Donna Wright
Random House
Otago Daily Times, May 15th 2004
An assignment in New Orleans during Madi Gras might seem like a dream job, but New Zealand photographer Laura Delacrois barely has time to register the jet lag before things start going downhill. She finds herself partnered with a reporter, aptly named “Mozzie”, with whom she has a relationship of mutual antipathy, she loses her camera in a local bar, has her drink spiked by a man in a Saddam Hussein mask ,who brands her with a fleur de lis then disappears. Caught in a drunken riot, her first 24 hours end with her humiliating arrest in front of local TV cameras. After posting bail, she returns to her hotel-only to be abducted by a strange black woman who saw her on the previous night’s news and recognised the flower newly imprinted on her shoulder. Fear not, gentle reader, there is an explanation. It turns out that Laura and her abductor, Renee Poupet, share a common ancestry, the result of rape by a white slave trader of a young Guinean woman he is transporting to Haiti. Renee has discovered a memoir by this woman describing a hidden fortune and prophesying that it will only be recovered when her descendants, both black and white, search together…

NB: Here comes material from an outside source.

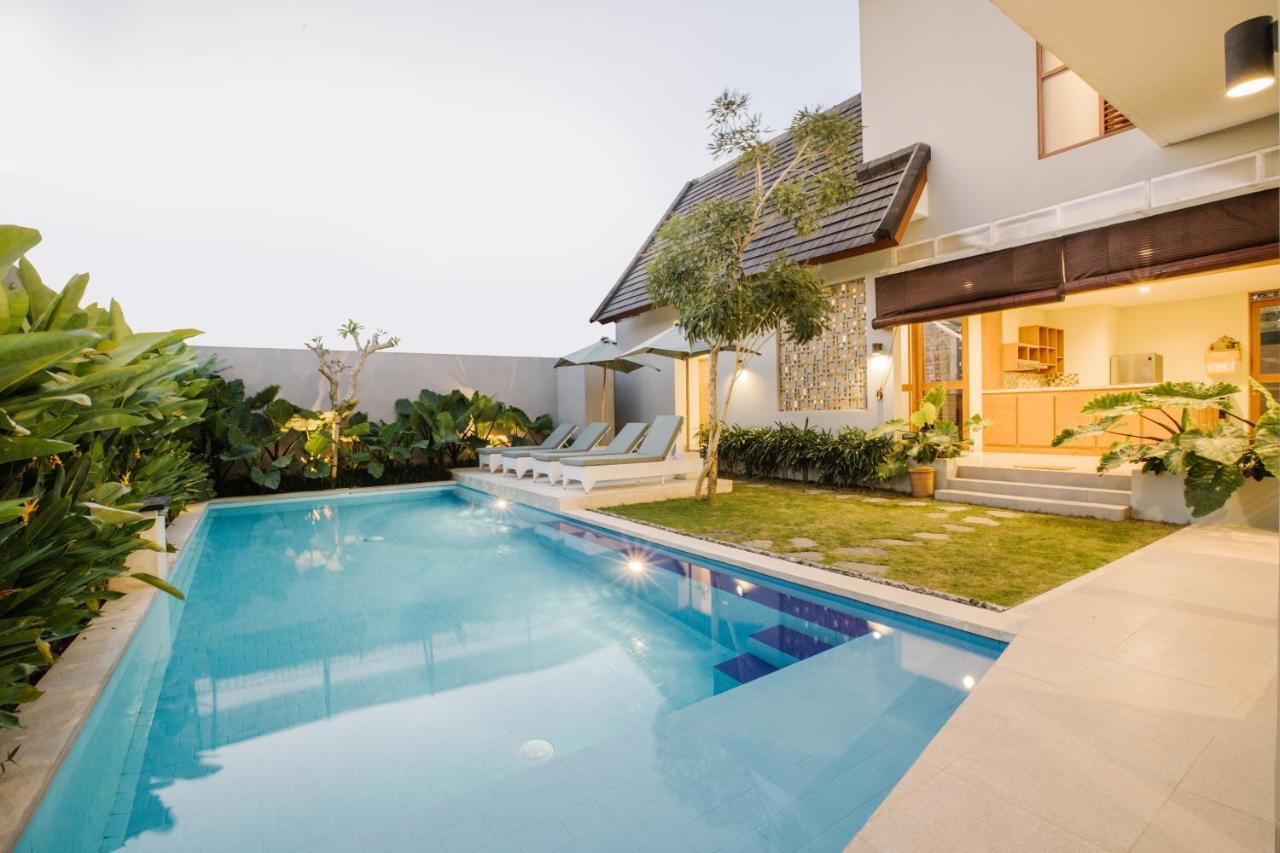 Vasudha Hostel Canggu Bagian luar foto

Thus begins Donna Wright’s Mumbo Gumbo, a novel of “history, blood and Vodou”. The hunt that Laura and Renee embark upon can best be described as a “rollicking adventure”, but it is the story of the slave, Tume, which forms the heart of the book. Her narrative stretches from her early life in a Guinean village through the Haitian revolution to the final days of her life as a slave in the American South. Detailing the horrors of the 18th century slave trade, the violence of civil war and touching (lightly) on the fascinating tradition of Vodoun, I found this more captivating than the non-stop action of the surrounding narrative. The New Zealand author’s extensive research into New Orleans and Haiti is obvious. The voices of both Renee and Tume are believably and sympathetically realised, and it is Laura’s references to NZ, (“I hear the clatter of the Christine Rankin earrings as she shrugs”) which seemed out of place and likely to date.
Although not to my own taste, the pace of the story drags the reader in, and for those who enjoy an adventure story will and provide a diverting enough read for a cold winter afternoon.